Brix: I didn’t become a TV fashion expert, and I didn’t stop writing music to do any of those things. I had a breakdown and could no longer create music, and because I could no longer create, I had to reinvent myself, and I had to change my life to do something completely different. And what I did was start a boutique with my husband, and through hard work and grafting with him, it came to people’s notice in the fashion industry that I had a fashion gift. Because of that, I was interviewed for various magazines talking about selling jeans or buying or putting things together, and somehow I was put on film, and I got a job on Television.

The people who cast me on Channel Four had no idea that I was ‘Brix’ or I had ever been in The Fall and that I was a musician and that I had written hundreds of songs – so that’s what happened. It was a circumstance of life. I just took the cards that I was dealt, and I ran with it. That’s what life is. Whatever it serves you up you have to go down the path, which is the path I went down.

Were you writing any songs during that period?

Brix: No, the truth is I felt broken because I could no longer play music anymore – my time in The Fall had finished me. I could not find the creative spark to write anymore, nor did anyone care about me or want to give me the time of day, and it was utterly heartbreaking. And because of that, and because of the pain of not doing that, I shelved music altogether, and I never touched a guitar for fifteen years. I never considered going back into music because it was too painful, and I moved on with my life, so I did not write. I did not do anything.

Brix and the Extricated formed in 2014 to reclaim classic songs from The Fall back catalogue written by members of the Extricated. Once in the rehearsal room new songs followed resulting in two albums of new material. What was the catalyst that brought the band together initially?
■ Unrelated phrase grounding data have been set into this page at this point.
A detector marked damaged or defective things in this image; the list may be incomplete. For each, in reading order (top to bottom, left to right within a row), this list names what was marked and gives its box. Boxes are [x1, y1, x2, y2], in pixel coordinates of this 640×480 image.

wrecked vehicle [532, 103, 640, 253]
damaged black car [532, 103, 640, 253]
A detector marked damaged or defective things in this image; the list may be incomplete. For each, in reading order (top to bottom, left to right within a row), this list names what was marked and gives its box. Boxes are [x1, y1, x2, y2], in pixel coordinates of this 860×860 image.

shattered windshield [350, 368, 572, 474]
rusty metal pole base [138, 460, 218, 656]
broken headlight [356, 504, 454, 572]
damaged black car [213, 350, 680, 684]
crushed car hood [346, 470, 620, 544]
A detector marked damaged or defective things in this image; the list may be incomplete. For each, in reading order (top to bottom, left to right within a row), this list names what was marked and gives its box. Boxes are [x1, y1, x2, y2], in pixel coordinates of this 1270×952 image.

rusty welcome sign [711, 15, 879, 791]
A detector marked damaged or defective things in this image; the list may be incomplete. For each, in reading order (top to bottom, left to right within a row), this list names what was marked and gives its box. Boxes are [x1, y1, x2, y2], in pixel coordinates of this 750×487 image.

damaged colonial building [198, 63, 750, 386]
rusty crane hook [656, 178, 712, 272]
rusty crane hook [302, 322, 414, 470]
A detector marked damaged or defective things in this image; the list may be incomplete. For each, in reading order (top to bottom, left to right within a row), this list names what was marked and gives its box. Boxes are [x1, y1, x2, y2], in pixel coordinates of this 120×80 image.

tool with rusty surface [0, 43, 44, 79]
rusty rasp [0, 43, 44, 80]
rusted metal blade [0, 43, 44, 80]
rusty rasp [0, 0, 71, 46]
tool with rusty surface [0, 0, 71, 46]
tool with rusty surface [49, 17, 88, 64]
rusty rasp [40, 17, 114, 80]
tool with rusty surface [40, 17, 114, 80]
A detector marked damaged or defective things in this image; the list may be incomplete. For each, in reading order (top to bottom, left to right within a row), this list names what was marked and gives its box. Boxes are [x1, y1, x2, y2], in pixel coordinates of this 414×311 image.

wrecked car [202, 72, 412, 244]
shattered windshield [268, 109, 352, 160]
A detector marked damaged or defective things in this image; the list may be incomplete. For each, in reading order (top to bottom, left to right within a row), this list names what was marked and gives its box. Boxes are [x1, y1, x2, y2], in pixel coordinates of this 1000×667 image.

Brix: It’s a strange thing because I never intended to play the guitar or write music again or do anything like that but what happened was I was going to write a book – and a whole bunch of things led up to me writing the book. While I was writing the book, three people that were very important to me in my life said to me in the space of a few weeks: “You should pick up a guitar again and write music.” One of them was my now husband, one of them was Andrew Weatherall, the producer and DJ, and the other one was Craig Leon, the producer. Randomly three of these men said this to me. I thought, “It must be a sign, maybe I should pick up a guitar and see what happens.” Remember, fifteen years had gone by – I had not even touched a guitar.  I needed the money, so I had sold most of them. So I started to write the book, I can write words, but I can’t write music, so I get a book deal and somehow physically writing the book opened the stream of creativity, and I thought I could maybe pick up a guitar again.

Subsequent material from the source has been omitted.